4.4. Adjustments. In the event of any stock split, stock dividend, merger, reorganization, recapitalization, reclassification, combination, exchange of shares or the like of the capital stock of the Company affecting the Subject Securities, the terms of this Agreement shall apply to the resulting securities.
4.5. Waiver of Certain Actions. Each Stockholder hereby agrees, as to himself or itself, not to commence or participate in, and to take all actions necessary to opt out of any class in any class action with respect to, any claim, derivative or otherwise, against the Company, Parent, Merger Sub or any of their respective successors (a) challenging the validity of, or seeking to enjoin or delay the operation of, any provision of this Agreement or the Merger Agreement (including any claim seeking to enjoin or delay the Offer Closing or the Merger Closing) or (b) alleging a breach of any duty of the Company Board in connection with the Merger Agreement, this Agreement or the transactions contemplated thereby or hereby.

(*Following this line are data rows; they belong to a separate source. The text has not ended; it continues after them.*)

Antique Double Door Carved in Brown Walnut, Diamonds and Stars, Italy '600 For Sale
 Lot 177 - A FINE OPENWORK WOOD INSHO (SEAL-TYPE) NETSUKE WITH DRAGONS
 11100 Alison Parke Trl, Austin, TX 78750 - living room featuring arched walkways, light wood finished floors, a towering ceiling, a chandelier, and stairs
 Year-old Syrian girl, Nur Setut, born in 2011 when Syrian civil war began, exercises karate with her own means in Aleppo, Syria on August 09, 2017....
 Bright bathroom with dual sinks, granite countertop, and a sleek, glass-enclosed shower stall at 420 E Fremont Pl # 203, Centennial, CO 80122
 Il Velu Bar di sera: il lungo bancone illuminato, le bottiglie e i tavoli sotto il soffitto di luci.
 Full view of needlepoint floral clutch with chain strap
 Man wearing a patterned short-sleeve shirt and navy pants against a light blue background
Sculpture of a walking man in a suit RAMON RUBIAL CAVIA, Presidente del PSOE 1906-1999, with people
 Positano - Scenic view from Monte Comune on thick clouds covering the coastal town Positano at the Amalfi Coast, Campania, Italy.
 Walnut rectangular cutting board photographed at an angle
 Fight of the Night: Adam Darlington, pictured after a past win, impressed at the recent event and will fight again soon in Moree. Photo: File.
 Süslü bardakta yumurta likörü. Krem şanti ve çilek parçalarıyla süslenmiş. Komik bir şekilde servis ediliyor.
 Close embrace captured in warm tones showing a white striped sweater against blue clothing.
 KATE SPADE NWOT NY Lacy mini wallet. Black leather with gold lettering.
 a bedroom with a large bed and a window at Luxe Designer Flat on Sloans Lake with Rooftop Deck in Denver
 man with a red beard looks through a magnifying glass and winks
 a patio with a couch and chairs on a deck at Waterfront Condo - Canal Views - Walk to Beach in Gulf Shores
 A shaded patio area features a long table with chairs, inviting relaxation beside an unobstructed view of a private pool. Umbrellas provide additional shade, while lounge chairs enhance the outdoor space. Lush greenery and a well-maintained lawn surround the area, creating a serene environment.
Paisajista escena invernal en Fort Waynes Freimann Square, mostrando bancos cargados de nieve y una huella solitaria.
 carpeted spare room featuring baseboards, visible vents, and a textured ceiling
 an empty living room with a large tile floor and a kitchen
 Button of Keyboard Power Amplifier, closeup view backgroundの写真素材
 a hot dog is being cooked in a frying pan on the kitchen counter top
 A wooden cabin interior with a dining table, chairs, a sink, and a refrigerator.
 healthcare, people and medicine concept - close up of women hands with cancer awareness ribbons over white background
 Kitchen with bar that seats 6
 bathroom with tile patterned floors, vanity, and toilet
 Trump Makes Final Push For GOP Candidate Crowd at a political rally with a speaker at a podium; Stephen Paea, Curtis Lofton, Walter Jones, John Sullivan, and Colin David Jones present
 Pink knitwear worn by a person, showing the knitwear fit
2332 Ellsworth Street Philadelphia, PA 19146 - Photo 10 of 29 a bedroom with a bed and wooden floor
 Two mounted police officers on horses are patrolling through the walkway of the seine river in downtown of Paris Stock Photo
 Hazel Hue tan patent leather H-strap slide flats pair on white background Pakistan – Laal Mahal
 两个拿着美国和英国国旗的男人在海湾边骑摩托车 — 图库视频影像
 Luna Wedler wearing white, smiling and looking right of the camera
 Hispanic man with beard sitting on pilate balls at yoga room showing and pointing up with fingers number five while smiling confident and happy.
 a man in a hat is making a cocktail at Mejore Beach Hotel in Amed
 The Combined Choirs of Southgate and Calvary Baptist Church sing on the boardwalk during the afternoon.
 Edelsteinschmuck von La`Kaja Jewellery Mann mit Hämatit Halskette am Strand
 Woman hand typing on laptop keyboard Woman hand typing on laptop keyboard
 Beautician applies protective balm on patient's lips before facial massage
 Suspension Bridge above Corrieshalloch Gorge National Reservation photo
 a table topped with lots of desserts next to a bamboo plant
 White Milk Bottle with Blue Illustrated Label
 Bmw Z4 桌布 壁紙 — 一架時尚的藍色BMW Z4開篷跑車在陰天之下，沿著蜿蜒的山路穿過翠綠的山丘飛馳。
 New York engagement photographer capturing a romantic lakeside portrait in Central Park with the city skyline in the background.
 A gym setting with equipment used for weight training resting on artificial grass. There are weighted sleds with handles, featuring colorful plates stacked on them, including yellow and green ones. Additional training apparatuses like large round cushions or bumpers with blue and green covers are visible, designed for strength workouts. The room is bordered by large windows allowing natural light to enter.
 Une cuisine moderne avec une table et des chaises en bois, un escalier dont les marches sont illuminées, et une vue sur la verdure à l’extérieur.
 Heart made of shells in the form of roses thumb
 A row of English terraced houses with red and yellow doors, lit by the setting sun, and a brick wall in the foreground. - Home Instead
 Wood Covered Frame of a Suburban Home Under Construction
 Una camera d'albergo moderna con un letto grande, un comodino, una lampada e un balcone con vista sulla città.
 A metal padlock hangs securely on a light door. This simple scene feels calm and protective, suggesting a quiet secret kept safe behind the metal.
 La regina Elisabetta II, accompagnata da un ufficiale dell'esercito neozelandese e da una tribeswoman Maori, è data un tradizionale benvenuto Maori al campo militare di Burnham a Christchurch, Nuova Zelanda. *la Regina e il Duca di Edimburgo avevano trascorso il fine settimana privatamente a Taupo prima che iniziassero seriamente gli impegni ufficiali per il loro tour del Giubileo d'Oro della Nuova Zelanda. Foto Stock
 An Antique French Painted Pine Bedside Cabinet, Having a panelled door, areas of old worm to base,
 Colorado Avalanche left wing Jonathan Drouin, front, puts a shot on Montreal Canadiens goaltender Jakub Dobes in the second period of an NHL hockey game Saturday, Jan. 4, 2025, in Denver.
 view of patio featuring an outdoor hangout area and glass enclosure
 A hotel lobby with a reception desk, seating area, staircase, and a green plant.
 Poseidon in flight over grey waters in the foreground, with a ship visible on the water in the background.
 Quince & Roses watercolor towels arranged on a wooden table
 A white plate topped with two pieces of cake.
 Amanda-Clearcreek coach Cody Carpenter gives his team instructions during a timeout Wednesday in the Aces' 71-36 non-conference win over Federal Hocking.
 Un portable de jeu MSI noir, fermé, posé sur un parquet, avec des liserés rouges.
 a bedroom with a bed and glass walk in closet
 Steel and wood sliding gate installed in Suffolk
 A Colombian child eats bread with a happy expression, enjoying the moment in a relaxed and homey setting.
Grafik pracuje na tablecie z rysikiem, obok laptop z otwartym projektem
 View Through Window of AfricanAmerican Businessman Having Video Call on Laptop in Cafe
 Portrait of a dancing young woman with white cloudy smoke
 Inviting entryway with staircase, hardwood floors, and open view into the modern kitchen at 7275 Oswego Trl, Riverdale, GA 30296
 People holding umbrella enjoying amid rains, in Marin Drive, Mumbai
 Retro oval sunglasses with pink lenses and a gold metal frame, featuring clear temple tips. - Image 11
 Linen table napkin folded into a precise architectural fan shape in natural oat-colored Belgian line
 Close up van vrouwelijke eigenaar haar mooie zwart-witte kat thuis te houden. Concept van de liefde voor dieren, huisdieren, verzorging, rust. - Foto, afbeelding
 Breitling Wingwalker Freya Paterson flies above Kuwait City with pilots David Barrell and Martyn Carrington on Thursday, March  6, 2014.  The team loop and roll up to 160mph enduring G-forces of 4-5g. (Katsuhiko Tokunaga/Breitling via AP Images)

4.6. No Solicitation. Each Stockholder shall not, and shall cause its controlled Affiliates not to, and shall use reasonable best efforts to cause its and their respective Representatives not to, directly or indirectly, (i) solicit, initiate, knowingly facilitate or knowingly encourage the submission or announcement of any inquiries, proposals or offers that constitute or would reasonably be expected to lead to any Takeover Proposal, (ii) provide any non-public information concerning the Company to any person or group in connection with any Takeover Proposal, or engage in any discussions or negotiations with respect to any Takeover Proposal (other than to inform any relevant third party of the restrictions hereunder and under the Merger Agreement), (iii) otherwise cooperate with or knowingly assist or participate in, or knowingly facilitate, any such inquiries, proposals, offers, discussions or negotiations or (iv) resolve or agree to do any of the foregoing. Each Stockholder shall, and shall cause its controlled Affiliates to, and shall use reasonable best efforts to cause its and their respective Representatives to, immediately cease and cause to be terminated any solicitation, encouragement, discussion or negotiation with any person or groups that may be ongoing with respect to any Takeover Proposal or potential Takeover Proposal.
ARTICLE V
MISCELLANEOUS
5.1. Notices. All notices and other communications hereunder shall be in writing and shall be deemed to have been duly given and received (a) upon receipt, if delivered personally, (b) two (2) Business Days after deposit in the mail, if sent by registered or certified mail, (c) on the next Business Day after deposit with an overnight courier, if sent by overnight courier (with proof of delivery), (d) upon transmission and confirmation of receipt, if sent by email transmission prior to 6:00 p.m., local time, in the place of receipt, or (e) on the next Business Day following transmission and confirmation of receipt, if sent by email transmission after 6:00 p.m., local time, in the place of receipt; provided that the notice or other communication is sent to the address or email address set forth (i) in the case to Parent or Merger Sub, to the address or email address set forth in Section 11.03 of the Merger Agreement and (ii) if to a Stockholder, to such Stockholder’s address or email address set forth on a signature page hereto, or to such other address or email address as such party may hereafter specify for the purpose by notice to each other party hereto.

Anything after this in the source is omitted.